Key Concepts and Formulas

To solve this problem, we will utilize the following fundamental concepts related to ellipses:

1. Equation of the Normal to an Ellipse: For an ellipse given by the equation $\frac{x^2}{a^2} + \frac{y^2}{b^2} = 1$, the equation of the normal at a point $P(a \cos \theta, b \sin \theta)$ (in parametric form) is given by: $ax \sec \theta - by \csc \theta = a^2 - b^2$ Here, $a$ and $b$ represent the lengths of the semi-major and semi-minor axes, respectively.
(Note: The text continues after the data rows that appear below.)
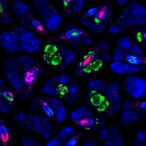 disruption-of-cd248-in-melanoma-limits-metastasis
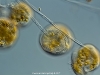 vorticella_1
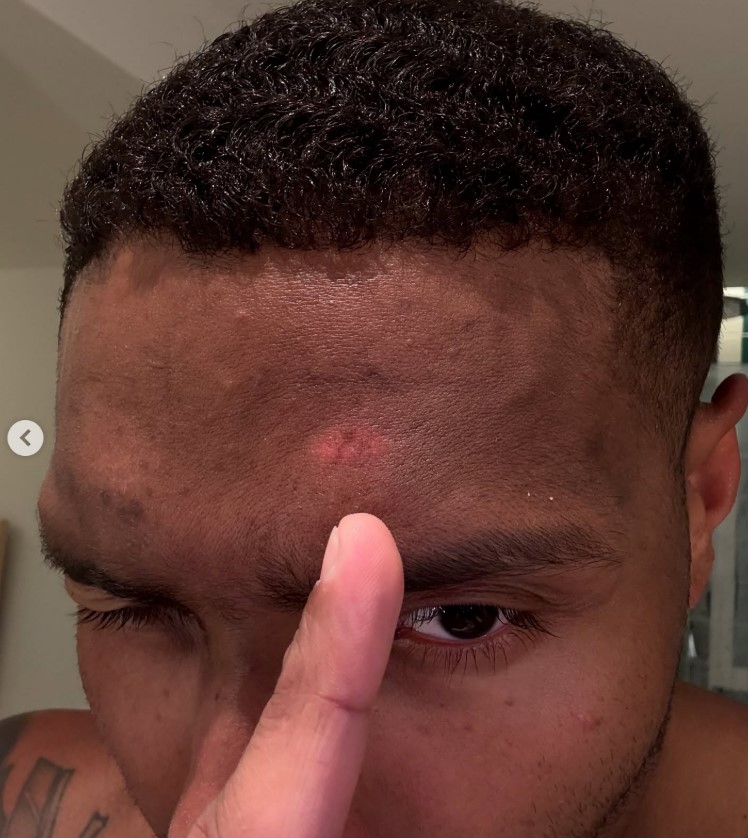 Close-up of a person's forehead pointing to a small, red mark.
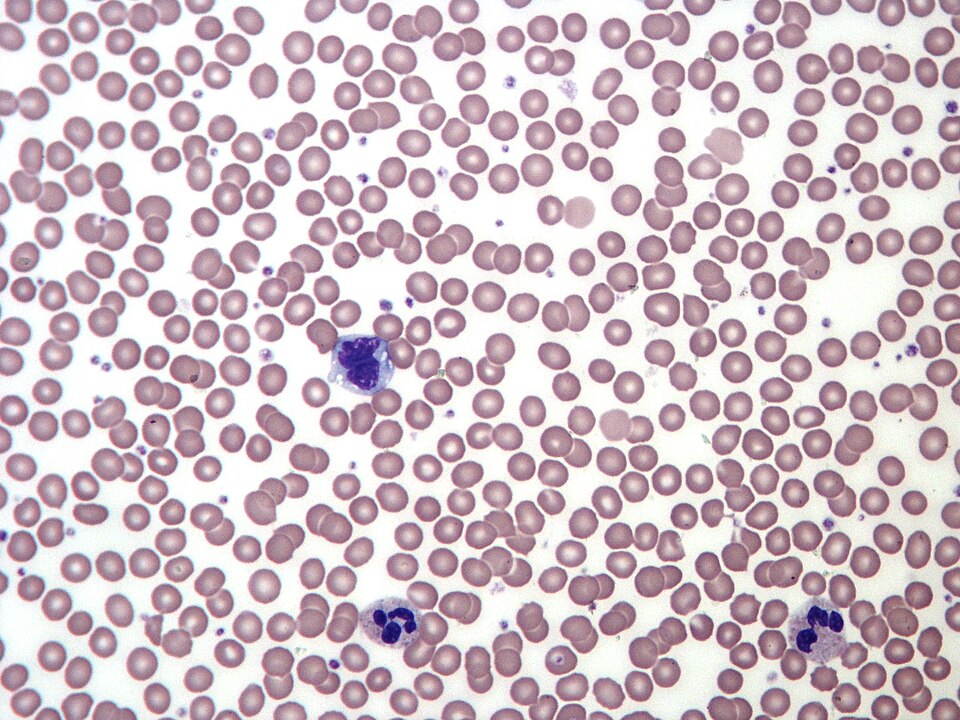A Wright-stained human blood smear under the microscope: many pale-pink red blood cells with a large purple-stained white blood cell (a lymphocyte) standing out among them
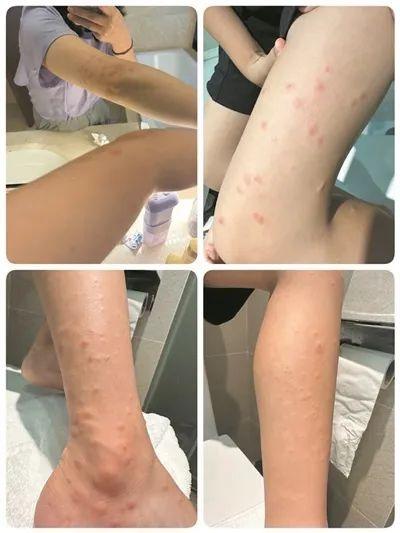 去趟江心屿满腿包？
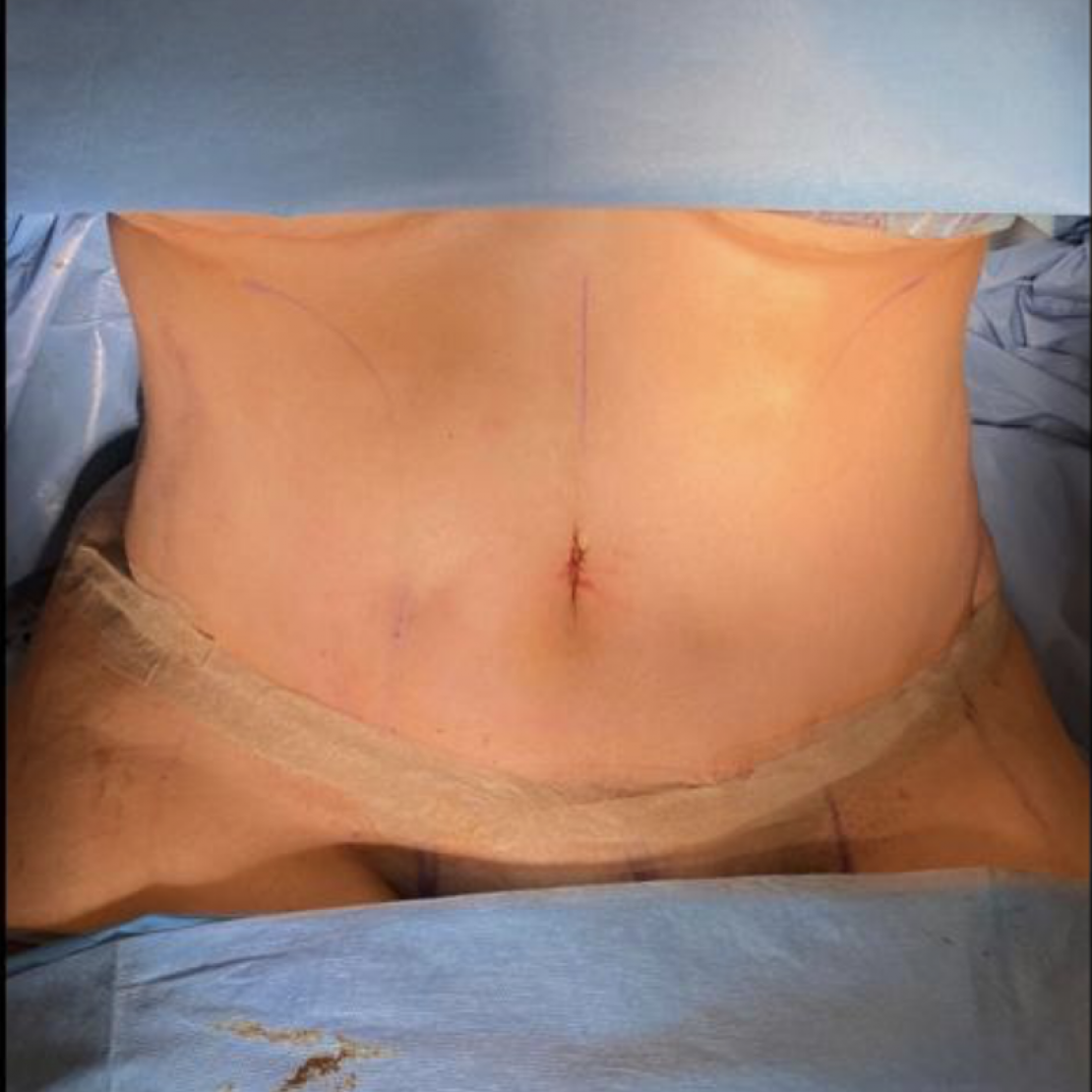 Tummy Tuck 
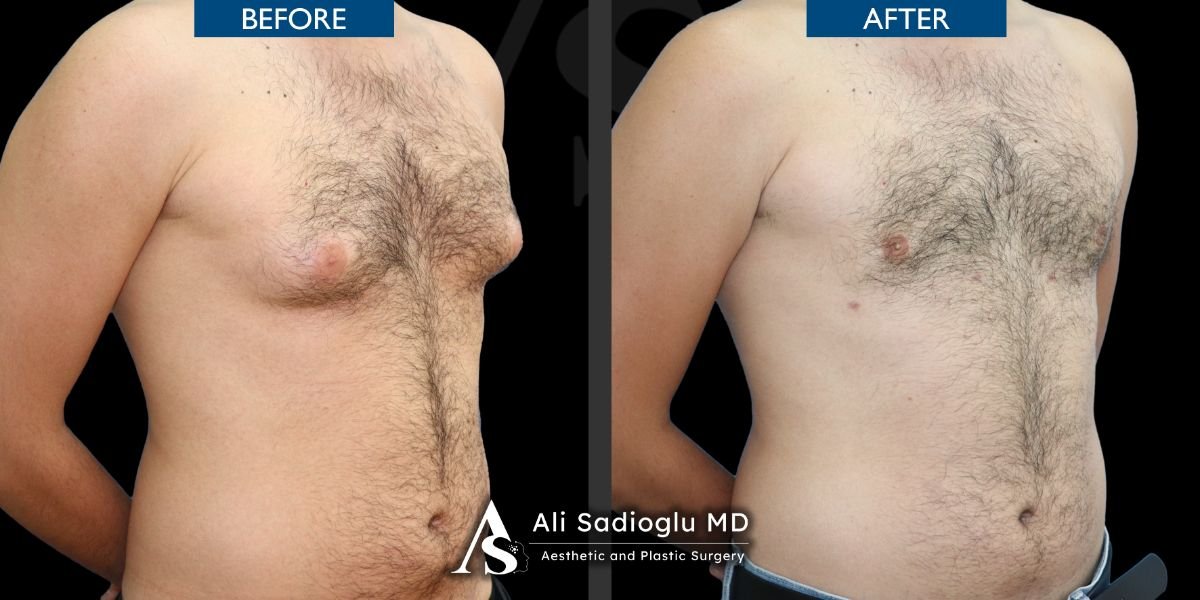 نتائج قبل وبعد جراحة التثدي في عيادة د. صفا مناف، تحديد صدر الرجل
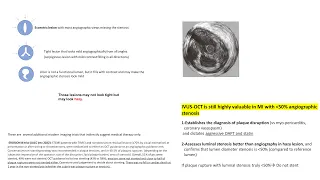 MI with plaque disruption on IVUS/OCT but stenosis less than 50%: should you stent?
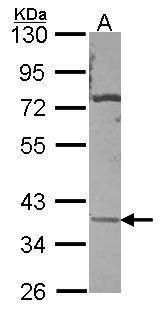 Sodium/Potassium ATPase beta 3 Rabbit Polyclonal Antibody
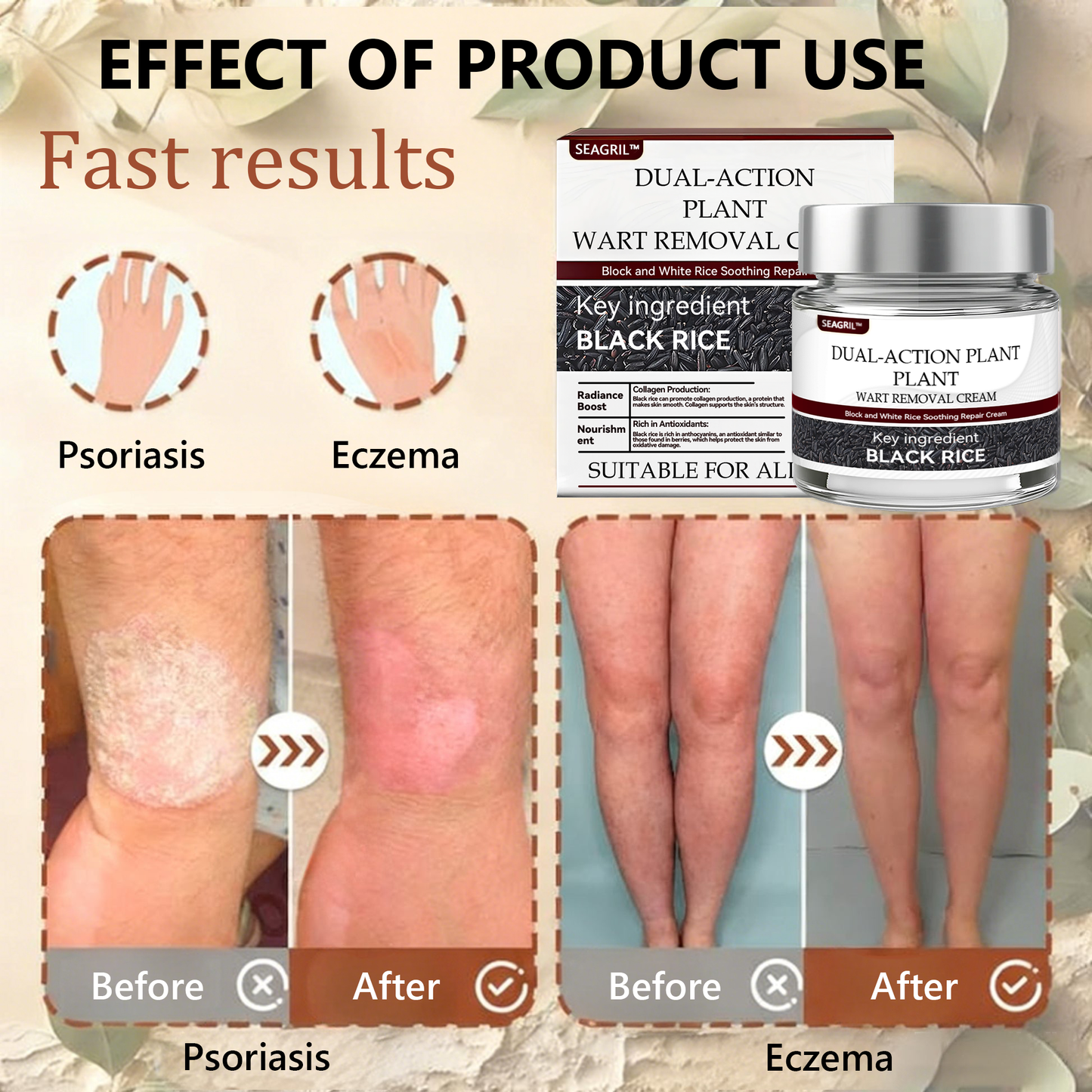 👑👑 SEAGRIL™ 𝐁𝐥𝗮𝐜𝐤 𝐑𝐢𝐜𝗲 𝐒𝐤𝗶𝐧 𝐑𝗲𝐩𝐚𝗶𝐫 𝐄𝐬𝐬𝗲𝐧𝐜𝐞 𝐂𝐫𝗲𝗮𝐦 ⚕️ 𝗠𝗛𝗥𝗔 𝗖𝗲𝗿𝘁𝗶𝗳𝗶𝗲𝗱 (𝗘𝗹𝗶𝗺𝗶𝗻𝗮𝘁𝗲𝘀 𝘄𝗮𝗿𝘁𝘀 𝗮𝗻𝗱 𝘀𝗸𝗶𝗻 𝘁𝗮𝗴𝘀, 𝗿𝗲𝗹𝗶𝗲𝘃𝗲𝘀 𝗽𝘀𝗼𝗿𝗶𝗮𝘀𝗶𝘀, 𝗶𝗺𝗽𝗿𝗼𝘃𝗲𝘀 𝗸𝗲𝗿𝗮𝘁𝗶𝗻 𝗯𝘂𝗶𝗹𝗱-𝘂𝗽 𝗮𝗻𝗱 𝗳𝗼𝗹𝗹𝗶𝗰𝘂𝗹𝗮𝗿 𝗸𝗲𝗿𝗮𝘁𝗶𝗻𝗶𝘇𝗮𝘁𝗶𝗼𝗻, 𝗳𝗮𝗱𝗲𝘀 𝗽𝗶𝗴𝗺𝗲𝗻𝘁𝗮𝘁𝗶𝗼𝗻, 𝘀𝘂𝗻 𝘀𝗽𝗼𝘁𝘀 & 𝗮𝗴𝗲 𝘀𝗽𝗼ts)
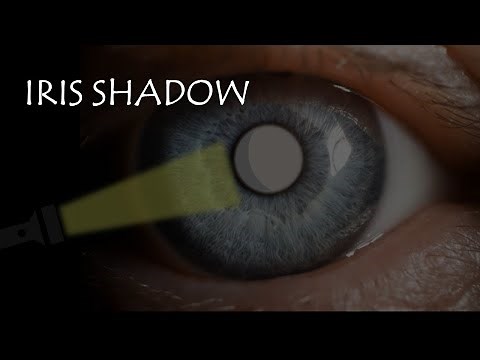 CONCEPT OF IRIS SHADOW | Immature vs Mature cataract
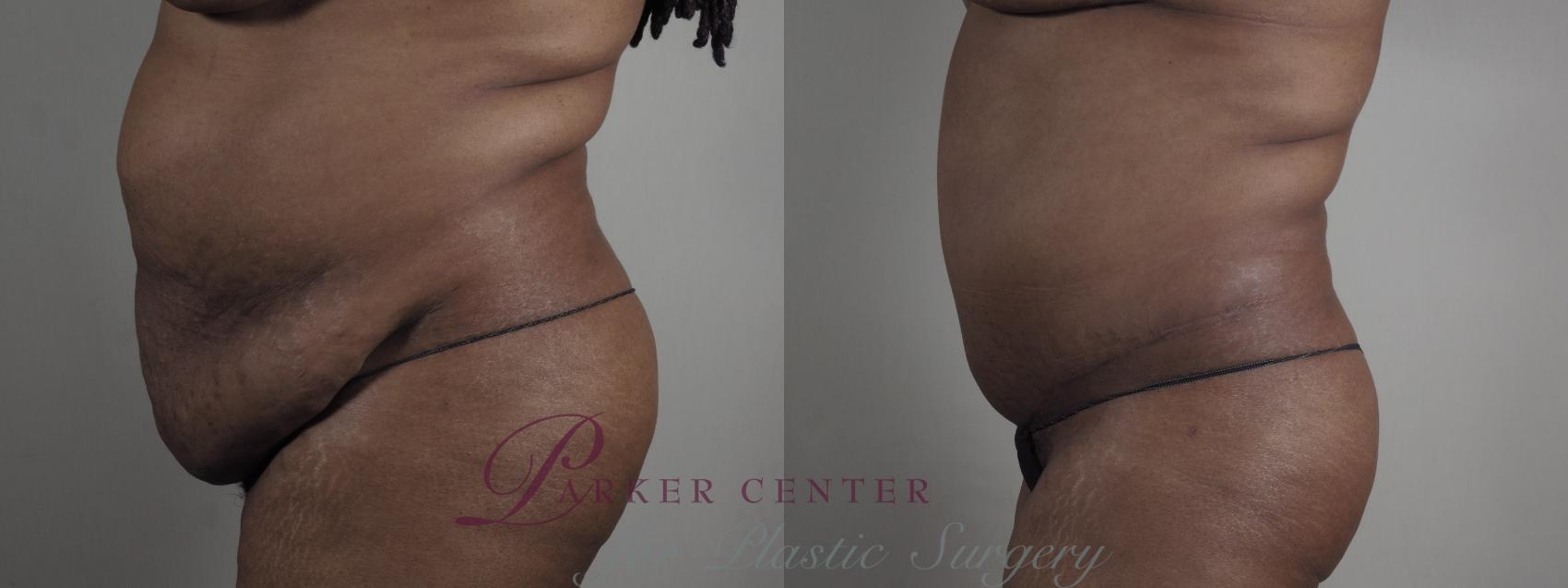 Breast Reduction Case 980 Before & After Right view Body  | Paramus, NJ | Parker Center for Plastic Surgery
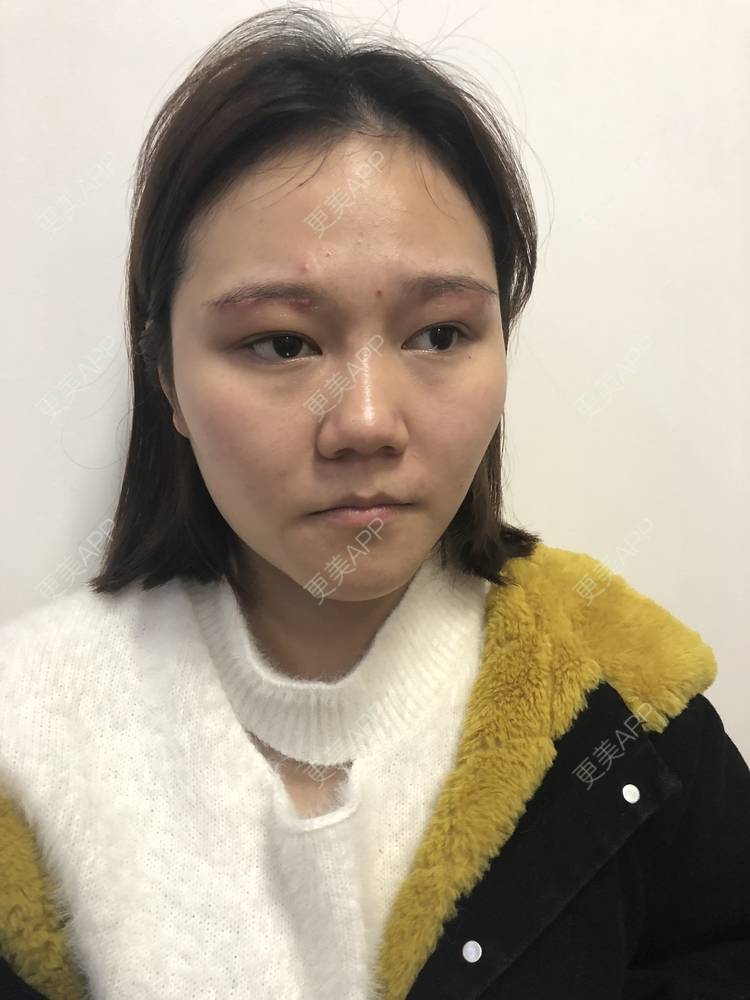 更美 - 反正我就是爱你的切眉经验 | 切眉 | 武汉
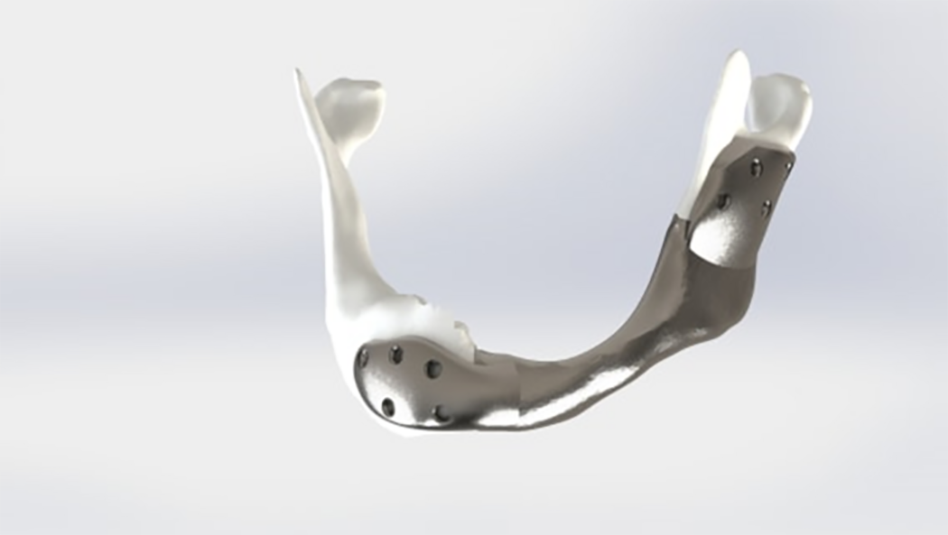 Custom 3D-printed titanium lower jaw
2. Perpendicular Distance from a Point to a Line: The perpendicular distance $D$ from a point $(x_0, y_0)$ to a line $Ax + By + C = 0$ is given by: $D = \frac{|Ax_0 + By_0 + C|}{\sqrt{A^2 + B^2}}$

3. Arithmetic Mean - Geometric Mean (AM-GM) Inequality: For non-negative real numbers $X$ and $Y$, the AM-GM inequality states that $\frac{X+Y}{2} \ge \sqrt{XY}$. Equality holds if and only if $X=Y$. This inequality is particularly useful for finding minimum or maximum values of expressions.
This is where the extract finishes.